LA’s A+D Museum inaugurates its new Mid City home with exhibition “We Are Here: Imagining Space in the 21st Century,” curated by UCLA Department of Architecture and Urban Design’s (AUD) Laure Michelon and featuring a range of student, faculty, and alumni work from the UCLA Arts community. “We Are Here” opens Friday, January 19, with a 6 pm reception, and is on view through April 7.

Among the works on view are projects by AUD Vice Chair Kutan Ayata; AUD alumni Deeksha Harish, Yilan Huang, and Jiaqi Kang (all MSAUD ‘23) and David Freeland (MArch ‘04); and UCLA Department of Design Media Arts (DMA) assistant professor Romi Ron Morrison.

A+D’s Executive Director Natasha Sandmeier is eager to bring this show, and the museum’s new space, to audiences.

“‘We Are Here’ serves as the perfect embodiment of the A+D Museum’s reopening in La Brea,” says Sandmeier, who also leads the postgraduate Entertainment Studio in AUD's Master of Science in Architecture and Urban Design (MSAUD) program. “It marks our own Here as we present evocative and experimental work exploring the limitless possibilities of the ways in which we understand and represent place today.”

A creative and architectural technologist, Michelon teaches in the MSAUD program’s Technology Studio. She curated "We Are Here" with various contemporary topics and debates in mind.

Image from Robert Gerard Pietrusko's "Areal / Analog"

Michelon observes how representations of regions, territories, cities, and neighborhoods–maps, visual information, data structures–are undergoing significant evolutions, fueled largely by accelerations in technology. The works and practices featured in “We Are Here” illustrate this shift, presenting visual media that both represent the intricate, fluid threads and fabrics of contemporary life and evoke ongoing evolution–the data, algorithms, and interconnectedness that have grown alongside the innovation and spread of technology.

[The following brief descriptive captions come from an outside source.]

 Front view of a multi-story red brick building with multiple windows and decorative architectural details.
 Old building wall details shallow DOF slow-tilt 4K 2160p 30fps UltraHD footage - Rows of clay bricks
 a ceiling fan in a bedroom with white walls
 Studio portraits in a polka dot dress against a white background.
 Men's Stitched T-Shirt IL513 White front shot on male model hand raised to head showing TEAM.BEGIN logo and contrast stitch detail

Among other projects and designers on view, Alice Bucknell’s “The Alluvials” explores the politics of drought and water scarcity in a near-future version of Los Angeles. The video work and playable game take up a variety of nonhuman and elemental perspectives, including the Los Angeles River, wildfire, a 400-year-old sycamore called El Aliso, and the ghost of the city's celebrity mountain lion, P-22.

A still from Bucknell's "The Alluvials"

Harish, Huang, and Kang’s project, “VIA,” presents a world in which a nomadic tribe drifts across landscapes and seasons, finding balance between humans and nature. In a far-distant future, the wanderers drift across new natures of electrified fields, careful to leave no trace of their movements.

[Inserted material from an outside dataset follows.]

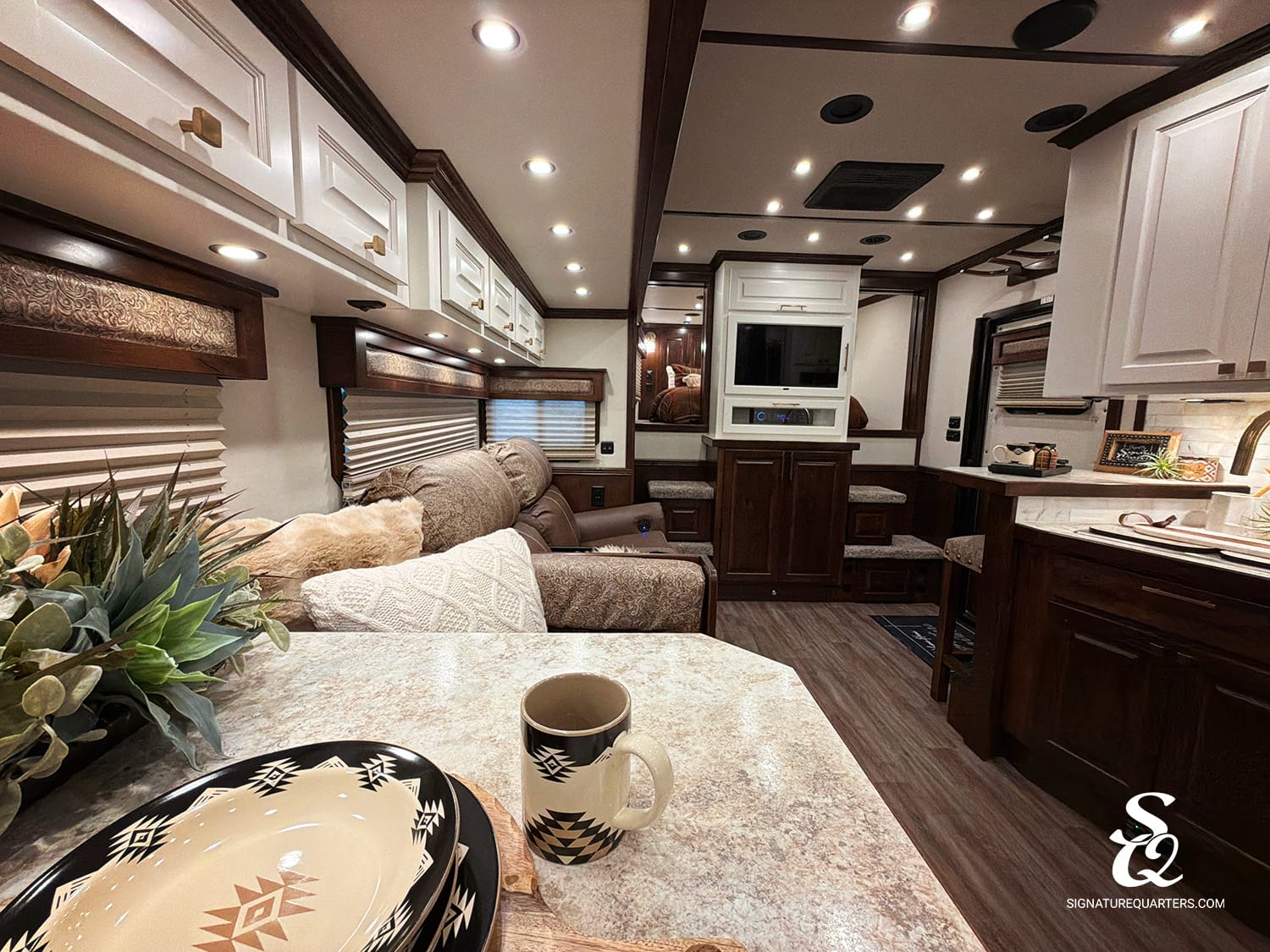 Luxurious RV interior: kitchen island, dining table with plates and a mug, and plush living area.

With "Decoding Possibilities," Morrison meditates on red-lining as both a popular narrative of post-WWII economic segregation, and a conceptual framework that is often engaged to explain contemporary patterns of poverty and racial segregation. Morrison considers Black queer, trans, and feminist geographies alongside 1935 Home Owners' Loan Corporation (HOLC) maps to create a space of speculation on the long-lasting impacts of red-lining; the project presents maps, enriched by archival material, that consider and demonstrate how Black communities created networks and infrastructure that subverted the economic and social devaluation of Black neighborhoods.

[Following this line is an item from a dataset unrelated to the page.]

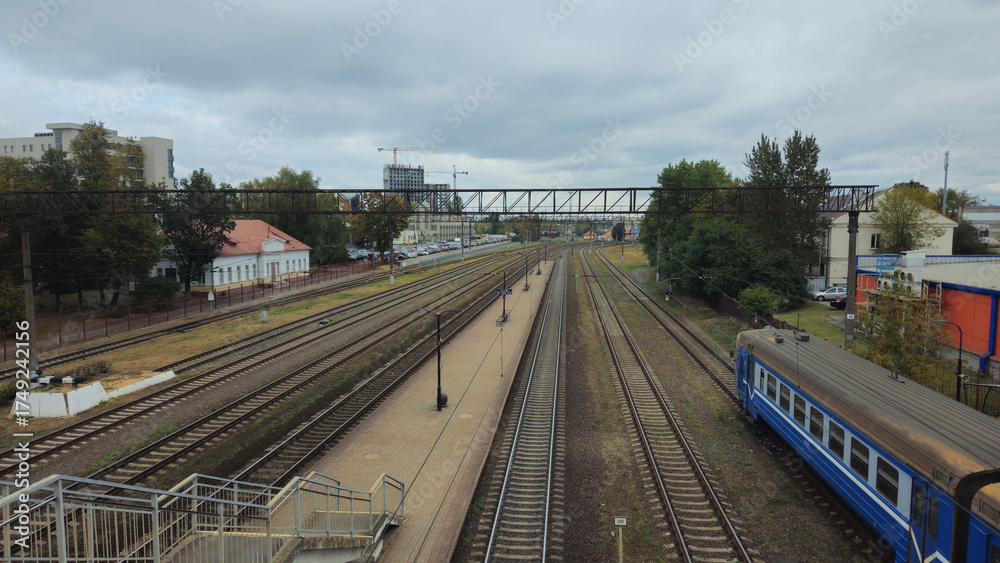 Naklejka premium Railway tracks with a blue train under a cloudy sky in urban area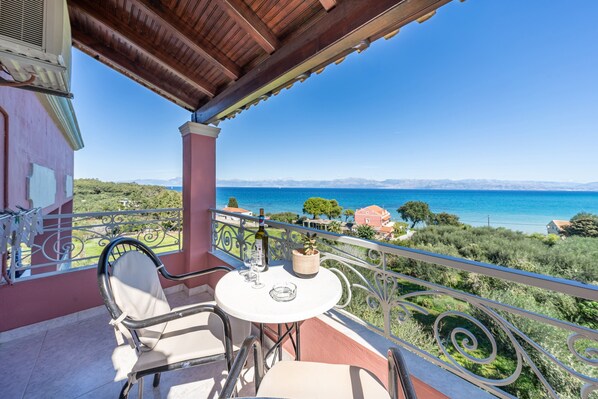 A balcony with a table, chairs, and a view of the sea and mountains. - Studio Apartment '8' with Sea View, Wi-Fi and Air Conditioning (Corfu)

Photograph of Morrison's "Decoding Possibilities" in situ; photo courtesy the artist

Also included: Isabel Beavers, with “HEZ”; Freeland and LA-based FreelandBuck, with “One Liners”; Jenny Rodenhouse, with “Enchanted Forest”; Jeremy Kamal, with “Mojo Da Floods”; Studio MMR, with "NN_City < LA >"; Natalia Mejia, with “The Weight of Space”; Patricia Reed, with “Incommensurate States”; Richelle Ellis, with “Earth Gaze”; Robert Gerard Pietrusko, with “Areal / Analog”; and Ayata's office Young & Ayata, with "Not/Extracted Species."

Harish, Kang, and Huang present "VIA" during Rumble 2023 at AUD
A scene from "VIA"

“Driven by our access to vast amounts of data, advancements in scanning technologies, and an intensified sense of global interconnectedness, these practices are crafting new forms of visual expression,” Michelon says. “The artworks and installations within this exhibition are more than just objects or media presentations. They are testament to our adaptability, resilience, and shared humanity amidst drastic change.”

Michelon is a creative and architectural technologist based in LA, where she is a Lecturer at AUD and founding partner of Studio MMR. Sandmeier is Executive Director of the A+D Museum, a registered architect in the Netherlands, and founder of the LA-based design practices Office UR, and OUR+, as well as Assistant Adjunct Professor at AUD.

A+D Museum was founded by Stephen Kanner, Joe Addo, and Bernard Zimmerman in January 2001 and first opened its doors in the Bradbury Building in Los Angeles. Since then, the museum has lived in a few subsequent homes. In 2020 A+D Museum restructured the institution as a hybrid platform, both physical and digital; in 2022, Sandmeier was named Executive Director and established a new A+D physical site in Mid-City LA, near the famed museum row Miracle Mile.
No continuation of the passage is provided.